Look through the records and copy every line in which "Building" appears.
----- GIVEN DATA
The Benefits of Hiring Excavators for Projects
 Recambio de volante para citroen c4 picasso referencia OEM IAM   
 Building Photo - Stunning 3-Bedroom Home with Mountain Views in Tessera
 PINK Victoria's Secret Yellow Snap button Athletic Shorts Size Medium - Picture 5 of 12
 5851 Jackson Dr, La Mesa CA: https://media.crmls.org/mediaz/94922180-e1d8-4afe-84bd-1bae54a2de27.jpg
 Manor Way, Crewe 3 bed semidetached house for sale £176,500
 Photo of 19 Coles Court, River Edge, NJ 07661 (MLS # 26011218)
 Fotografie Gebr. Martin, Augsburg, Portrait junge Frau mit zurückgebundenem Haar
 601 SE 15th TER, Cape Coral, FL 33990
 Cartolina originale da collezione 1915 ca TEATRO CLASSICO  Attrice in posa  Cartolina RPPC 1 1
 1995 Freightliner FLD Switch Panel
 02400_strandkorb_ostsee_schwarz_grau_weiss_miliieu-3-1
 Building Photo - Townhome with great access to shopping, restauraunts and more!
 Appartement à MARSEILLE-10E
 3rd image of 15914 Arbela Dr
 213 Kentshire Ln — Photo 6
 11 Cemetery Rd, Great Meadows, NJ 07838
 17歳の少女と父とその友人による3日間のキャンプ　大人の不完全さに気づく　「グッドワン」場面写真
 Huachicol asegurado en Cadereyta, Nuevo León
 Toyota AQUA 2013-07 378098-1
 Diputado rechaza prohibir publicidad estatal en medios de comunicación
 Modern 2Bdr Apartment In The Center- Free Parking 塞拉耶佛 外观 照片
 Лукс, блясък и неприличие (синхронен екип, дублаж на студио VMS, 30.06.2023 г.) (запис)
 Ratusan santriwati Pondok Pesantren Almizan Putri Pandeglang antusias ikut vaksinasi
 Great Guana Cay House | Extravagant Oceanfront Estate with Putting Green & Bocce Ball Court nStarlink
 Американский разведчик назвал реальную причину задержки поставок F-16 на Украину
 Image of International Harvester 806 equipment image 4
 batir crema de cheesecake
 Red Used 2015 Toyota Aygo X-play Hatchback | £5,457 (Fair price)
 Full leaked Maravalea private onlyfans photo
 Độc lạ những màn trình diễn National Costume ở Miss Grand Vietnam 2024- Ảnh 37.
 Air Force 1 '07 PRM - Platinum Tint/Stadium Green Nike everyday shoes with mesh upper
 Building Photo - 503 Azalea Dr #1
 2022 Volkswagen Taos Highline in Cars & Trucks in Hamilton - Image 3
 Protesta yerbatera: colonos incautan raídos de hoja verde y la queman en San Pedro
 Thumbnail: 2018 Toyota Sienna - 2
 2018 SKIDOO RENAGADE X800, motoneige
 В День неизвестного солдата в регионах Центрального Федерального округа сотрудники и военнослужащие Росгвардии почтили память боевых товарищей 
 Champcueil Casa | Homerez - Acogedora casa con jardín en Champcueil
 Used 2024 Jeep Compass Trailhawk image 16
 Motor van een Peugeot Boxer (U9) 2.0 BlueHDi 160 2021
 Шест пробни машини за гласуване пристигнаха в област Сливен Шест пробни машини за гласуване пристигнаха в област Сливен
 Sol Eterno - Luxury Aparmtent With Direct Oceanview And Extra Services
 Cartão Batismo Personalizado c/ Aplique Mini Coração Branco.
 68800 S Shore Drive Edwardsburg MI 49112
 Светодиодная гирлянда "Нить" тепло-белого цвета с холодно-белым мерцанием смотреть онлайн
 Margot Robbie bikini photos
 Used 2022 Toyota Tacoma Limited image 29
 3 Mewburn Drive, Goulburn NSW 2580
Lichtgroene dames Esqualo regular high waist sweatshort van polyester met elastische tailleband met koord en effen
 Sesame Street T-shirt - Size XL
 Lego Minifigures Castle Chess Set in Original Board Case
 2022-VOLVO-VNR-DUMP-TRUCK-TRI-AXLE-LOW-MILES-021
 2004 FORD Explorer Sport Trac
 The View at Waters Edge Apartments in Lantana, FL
----------
SOLUTION:
 Building Photo - Stunning 3-Bedroom Home with Mountain Views in Tessera
 Building Photo - Townhome with great access to shopping, restauraunts and more!
 Building Photo - 503 Azalea Dr #1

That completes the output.